== WHAT YOU WILL DO ==
Starting at the line that contains "Wiley X JAKL", write out every line to the end of the records below exactly, and leave out the pictures.
__________________________________________________
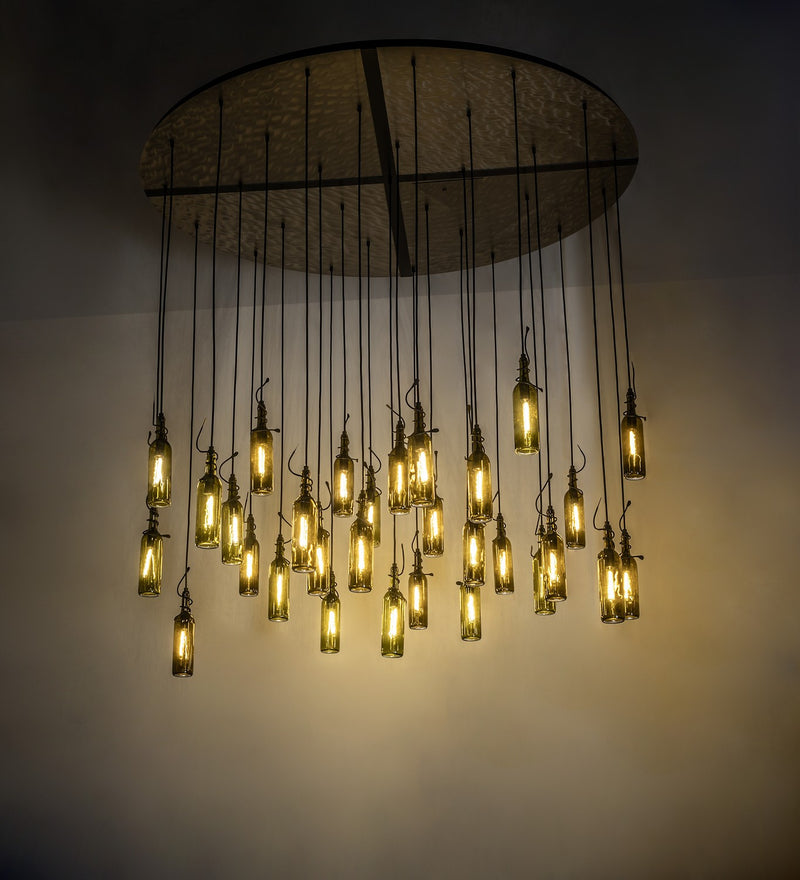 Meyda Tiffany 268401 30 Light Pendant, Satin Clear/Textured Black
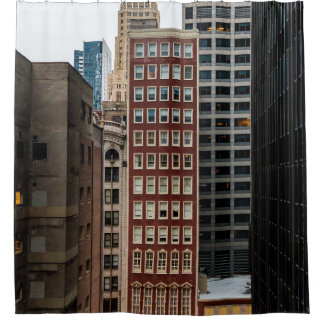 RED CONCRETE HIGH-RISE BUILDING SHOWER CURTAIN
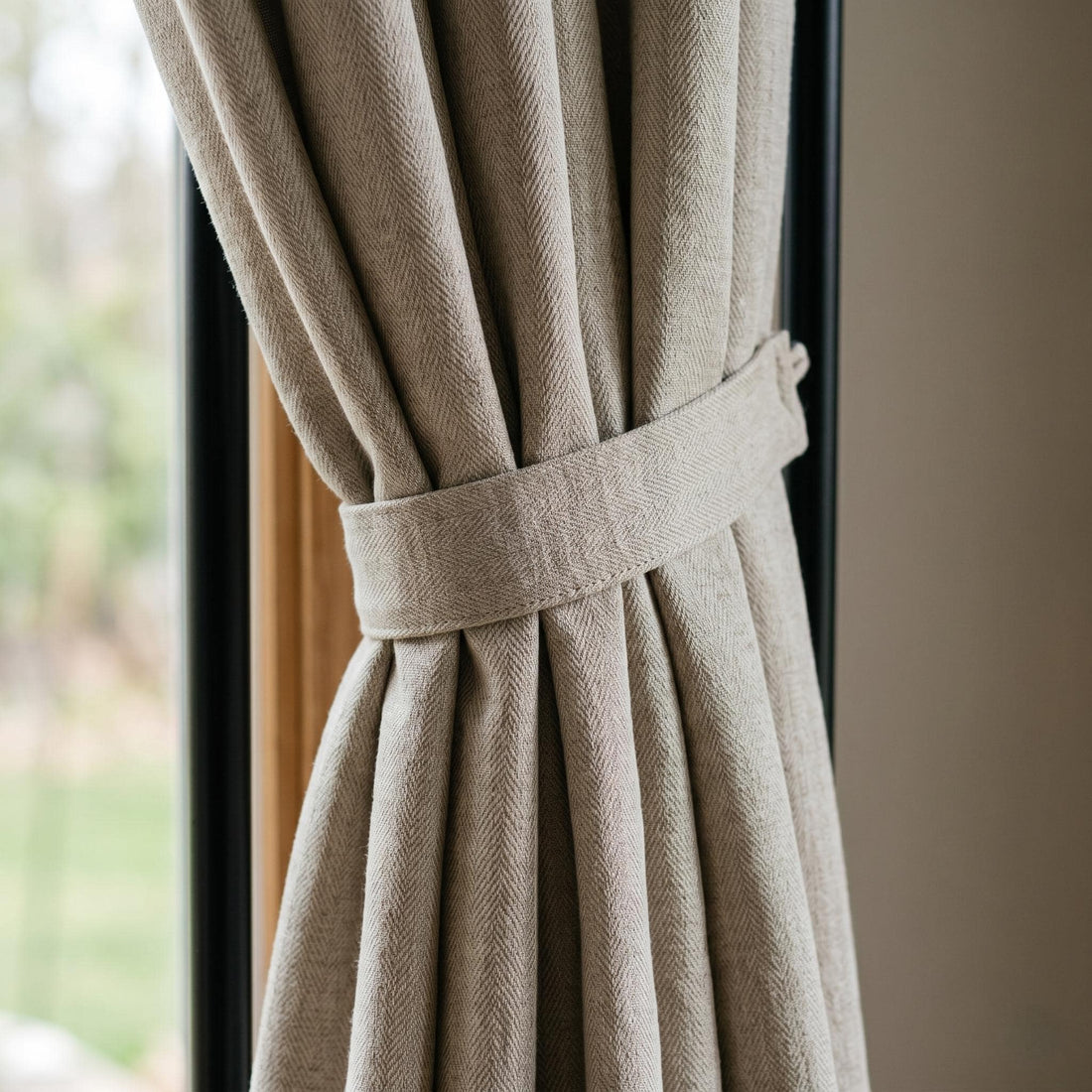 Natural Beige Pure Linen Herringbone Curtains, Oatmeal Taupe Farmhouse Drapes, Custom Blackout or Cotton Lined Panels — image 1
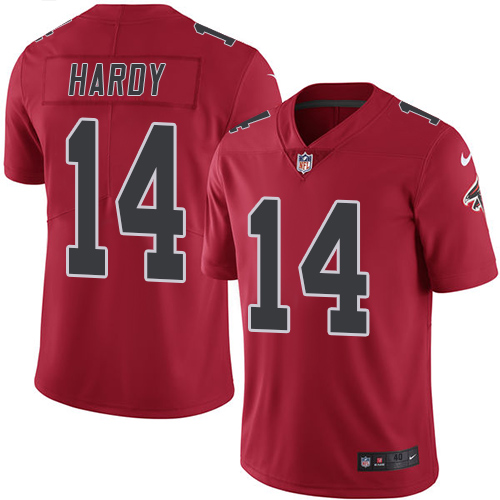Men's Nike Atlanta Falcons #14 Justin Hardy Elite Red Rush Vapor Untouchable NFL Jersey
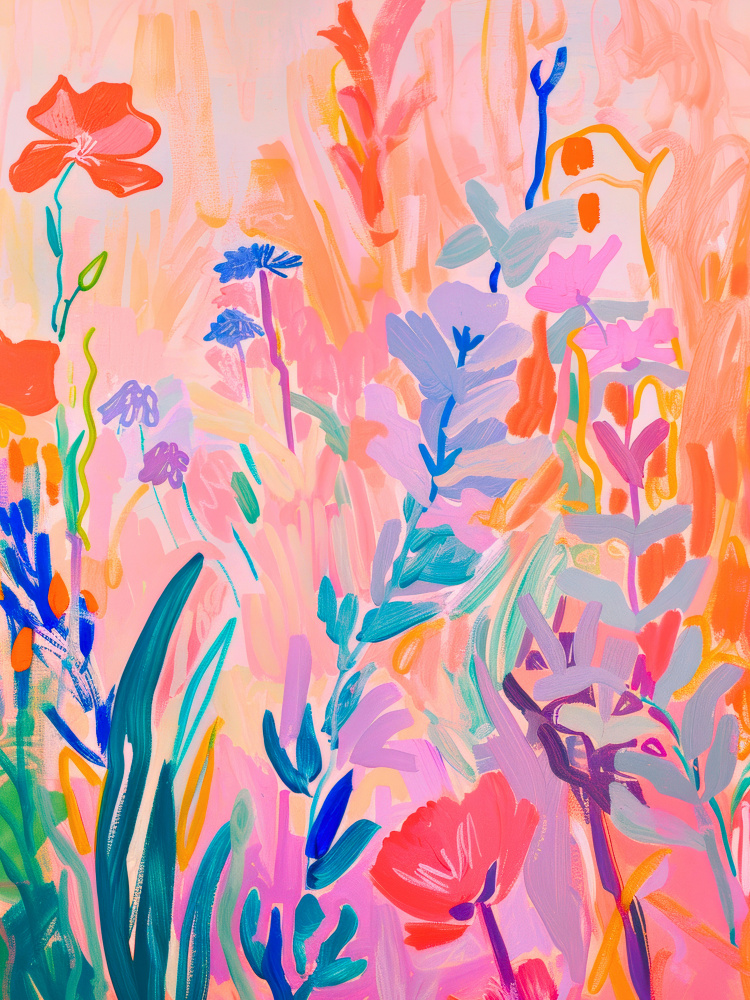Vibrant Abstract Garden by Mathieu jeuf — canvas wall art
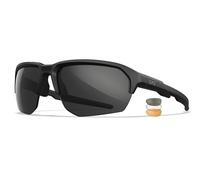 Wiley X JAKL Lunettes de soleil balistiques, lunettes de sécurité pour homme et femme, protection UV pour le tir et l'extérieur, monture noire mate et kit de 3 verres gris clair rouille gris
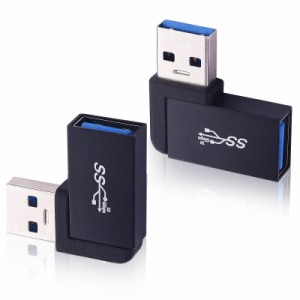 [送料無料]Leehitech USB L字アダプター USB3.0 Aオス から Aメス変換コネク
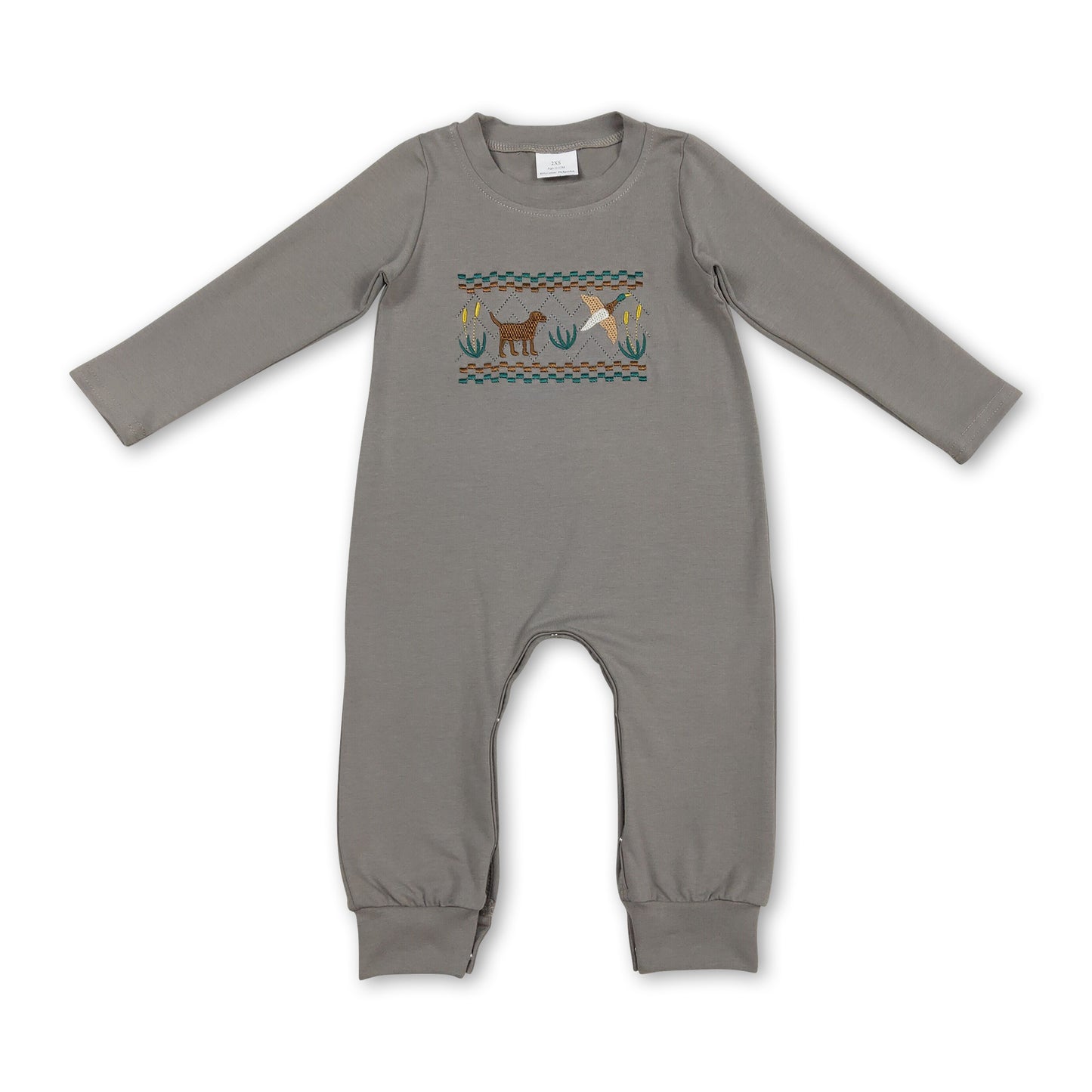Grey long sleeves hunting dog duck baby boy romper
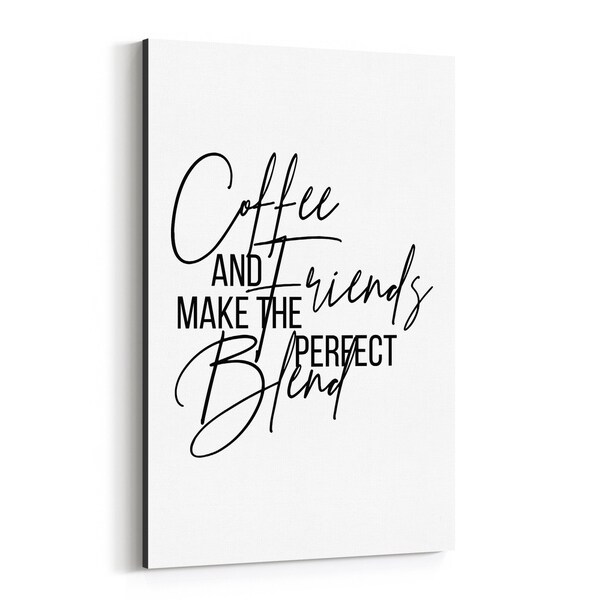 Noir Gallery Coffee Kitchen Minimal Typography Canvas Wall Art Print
__________________________________________________
== EXERCISE OUTPUT ==
 Wiley X JAKL Lunettes de soleil balistiques, lunettes de sécurité pour homme et femme, protection UV pour le tir et l'extérieur, monture noire mate et kit de 3 verres gris clair rouille gris
 [送料無料]Leehitech USB L字アダプター USB3.0 Aオス から Aメス変換コネク
Grey long sleeves hunting dog duck baby boy romper
 Noir Gallery Coffee Kitchen Minimal Typography Canvas Wall Art Print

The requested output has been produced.